Italy sold yesterday 2.5 billion euros ($3.24 billion) of securities due in 2014 to yield 5.62 percent, down from 7.89 percent at the previous sale on Nov. 29, a sign of investor confidence.
Russian equities, Young said, may underperform peers in the run-up to the country’s March elections. Prime Minister Vladimir Putin has promised a fair contest in a bid to head off more demonstrations after at least 30,000 people rallied in Moscow on Dec. 24 over alleged ballot box fraud in a parliamentary vote.
The RTS Index in Moscow declined for a third day, dropping 1.2 percent to 1,365.13, while the 30-stock Micex Index rose 0.3 percent to 1,387.06. The RTS Volatility Index, which measures expected swings in the index futures, dropped for the 11th time in 12 days, falling 6.4 percent to 38.63 points.
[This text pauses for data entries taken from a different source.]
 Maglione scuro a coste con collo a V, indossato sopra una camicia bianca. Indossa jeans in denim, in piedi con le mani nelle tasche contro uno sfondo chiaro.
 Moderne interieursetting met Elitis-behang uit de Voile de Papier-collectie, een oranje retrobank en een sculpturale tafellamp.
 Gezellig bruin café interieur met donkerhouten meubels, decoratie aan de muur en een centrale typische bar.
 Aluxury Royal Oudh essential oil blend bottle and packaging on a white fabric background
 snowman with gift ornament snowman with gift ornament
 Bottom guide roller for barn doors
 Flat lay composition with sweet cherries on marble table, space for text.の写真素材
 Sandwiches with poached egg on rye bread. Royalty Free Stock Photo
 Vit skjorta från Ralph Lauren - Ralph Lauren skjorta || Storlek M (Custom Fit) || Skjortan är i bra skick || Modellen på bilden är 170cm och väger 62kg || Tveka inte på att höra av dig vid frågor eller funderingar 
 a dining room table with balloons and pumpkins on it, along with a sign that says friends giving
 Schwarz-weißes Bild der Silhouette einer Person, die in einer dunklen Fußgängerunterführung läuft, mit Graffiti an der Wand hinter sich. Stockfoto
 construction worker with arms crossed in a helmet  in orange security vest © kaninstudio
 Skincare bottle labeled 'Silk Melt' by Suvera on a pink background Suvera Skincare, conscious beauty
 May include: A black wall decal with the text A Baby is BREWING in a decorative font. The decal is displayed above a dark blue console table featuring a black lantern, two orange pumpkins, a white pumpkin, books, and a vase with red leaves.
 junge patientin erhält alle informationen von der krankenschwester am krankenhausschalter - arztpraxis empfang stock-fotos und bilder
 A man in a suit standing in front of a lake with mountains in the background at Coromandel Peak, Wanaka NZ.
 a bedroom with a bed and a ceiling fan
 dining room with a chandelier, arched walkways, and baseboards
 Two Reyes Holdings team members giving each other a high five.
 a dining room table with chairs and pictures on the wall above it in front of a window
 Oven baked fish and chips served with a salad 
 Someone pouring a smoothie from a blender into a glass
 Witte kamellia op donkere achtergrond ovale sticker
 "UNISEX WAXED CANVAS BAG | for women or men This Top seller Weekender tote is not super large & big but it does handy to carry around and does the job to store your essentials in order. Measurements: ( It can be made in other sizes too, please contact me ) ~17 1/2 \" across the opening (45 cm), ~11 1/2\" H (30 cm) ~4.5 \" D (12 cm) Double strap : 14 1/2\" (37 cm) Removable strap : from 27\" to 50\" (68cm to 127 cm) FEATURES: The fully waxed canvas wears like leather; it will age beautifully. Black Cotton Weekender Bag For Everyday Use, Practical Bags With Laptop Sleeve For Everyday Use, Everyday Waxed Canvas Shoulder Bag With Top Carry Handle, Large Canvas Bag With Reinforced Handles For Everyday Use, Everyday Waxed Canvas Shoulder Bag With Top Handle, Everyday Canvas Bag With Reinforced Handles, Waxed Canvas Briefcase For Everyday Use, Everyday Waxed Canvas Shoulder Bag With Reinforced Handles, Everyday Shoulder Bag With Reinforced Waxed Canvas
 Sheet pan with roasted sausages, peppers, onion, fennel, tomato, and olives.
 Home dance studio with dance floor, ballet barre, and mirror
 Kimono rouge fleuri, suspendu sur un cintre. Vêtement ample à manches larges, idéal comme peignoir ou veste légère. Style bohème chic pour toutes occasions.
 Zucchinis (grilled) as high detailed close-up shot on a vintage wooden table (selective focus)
The Market Vectors Russia ETF, a U.S.-traded fund that holds Russian shares, declined for a fourth day, losing 0.1 percent to $26.24.
Mechel gained 5.8 percent to $8.36 in New York after shares in Moscow fell 0.7 percent to 254.10 rubles, or the equivalent of $7.92. One ADR represents one ordinary share. Mechel’s ADRs closed at the largest premium to the Moscow stock since Oct. 30.
OAO GMK Norilsk Nickel rose 2.3 percent in New York to $15.36 as nickel gained 1.6 percent to $18,195 a ton on the London Metal Exchange and Russia’s largest miner said it plans to increase capital spending to more than $3 billion in 2012. Norilsk shares added 2.9 percent on the Micex to 4,925 rubles, or $153.60. One ADR represents one-tenth of an ordinary share.
Standard & Poor’s GSCI index of 24 raw materials rose 0.1 percent as copper futures for March delivery climbed for the first time in three days after pending sales of U.S. homes rose than forecast in November. Copper traded on the Comex in New York settled at $3.37 a pound, a gain of 0.4 percent.
The Standard & Poor’s 500 Index advanced 1.1 percent to 1,263.02 as U.S. jobless claims dropped to a three-year low. The four-week moving average for claims, a less volatile measure than the weekly figures, dropped to 375,000 last week, the lowest level since June 2008, Labor Department figures showed yesterday in Washington.
The Micex has lost 18 percent in 2011 and trades at 4.9 times analysts’ earnings estimates for member companies. That compares with an 18 percent slide for Brazil’s Bovespa index, which trades at 10 times estimated earnings, according to data compiled by Bloomberg. The Shanghai Composite Index trades at 10.5 times estimated earnings, and the BSE India Sensitive Index has a ratio of 13.5.